Rememorando mi vida como lector, recuerdo claramente los años en que me convertí en tal de por vida (a menos que el Alzheimer o la demencia hagan presa en mí, así será mientras aliente): fue a mis trece o catorce años, cuando descubrí que leer me protegía de la áspera realidad, del trato autoritario y militarista de mi padre, de la manipulación femenina de mi madre, de mis inseguridades de adolescente... sí, la lectura me protegía de todo aquello pues me transformaba en un personaje fantástico y poderoso de paisajes exóticos, nada que ver con aquel chico apocado y tímido de Madrid. Como tantos otros jóvenes comencé por leer las novelas de aventuras de Julio Verne, Joseph Conrad, Robert Louis Stevenson, Emilio Salgari, Rudyard Kipling o Jack London, todo bastante habitual para la edad y la época. Años después, claro está, fui complicando mis lecturas, buscando encontrar en las páginas de un libro algo que no encontraré jamás: el sentido de la vida; por otra parte, comencé a ser más crítico con mis lecturas, analizando seriamente las mismas: si el argumento estaba bien desarrollado, si la prosa era más o menos adjetivada, más o menos realista, si los personajes eran redondos o más bien planos... me convertí, sin querer en un aprendiz de crítico literario, o como otros dicen, en "un buen lector". Y sí, tal vez hoy sea un buen lector, pero he de reconocer que he perdido la ilusión de leer por leer, sin estar pendiente de mil factores de la prosa o el autor. Es por eso por lo que leo ahora a Jack London.
Quiero decir con lo anterior que para muchos de nosotros la lectura se ha transformado en algo demasiado serio y grave, una actividad que uno ha de practicar con gran serenidad y conocimientos... puede que esté bien y que ayude al crecimiento personal, pero hemos perdido (al menos yo la he perdido casi por completo) la ilusión juvenil que tuvimos. A los trece años uno se sentía pirata en La isla del tesoro de Stevenson; recorría grandes extensiones heladas subido en un trineo en Colmillo Blanco de London; me trataban como a un rey casi divino de la India en El hombre que pudo reinar de Kipling; me alejé de la tosca realidad en el submarino Nautilus del capitán Nemo en 20.000 leguas de viaje submarino de Verne; o remontaba el río Congo con Conrad. Todo aquello lo hacía sin fijarme en si los autores tenían una prosa muy adjetivada o apresurada, si había muchas o pocas frases subordinadas, si era más bien naturalista o realista... simplemente leía, devoraba en verdad. Tristemente la infancia y la juventud quedaron muy atrás, y con ellas, según parece, esa capacidad de admirarme de lo desconocido.

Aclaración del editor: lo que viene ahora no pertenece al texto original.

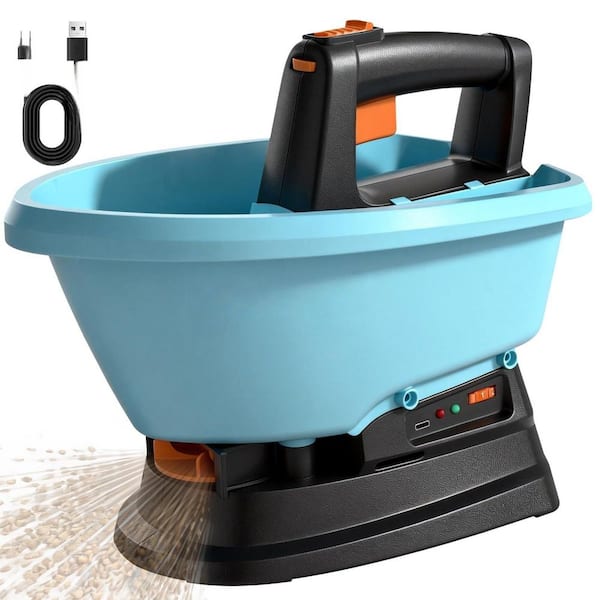6.6 lbs. Plastic Electric Handheld Spreader for Lawn Fertilizer, Grass Seed, Ice Melt with 7 Settings 5 Angles for Yard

Así que aquí estoy con London. El vagabundo de las estrellas no es Colmillo Blanco ni La llamada de lo salvaje (que, por cierto, en España se publicó con una traducción latinoamericana infame como El llamado del bosque, cuando el título original era "The Call of the Wild"), es menos aventurero y más filosófico. El personaje principal, Darrell Standing, es un condenado a muerte de San Quintín que recapacita sobre la existencia humana, la estupidez generalizada en la sociedad y la individualidad salvadora de los mayores errores cometidos por la colectividad.
Francamente, no creo que reviva aquellas lecturas despreocupadas de mi adolescencia, pero, al menos, espero alejarme un poco de tanto artificio e imposturas literarios como me he tragado estos últimos años.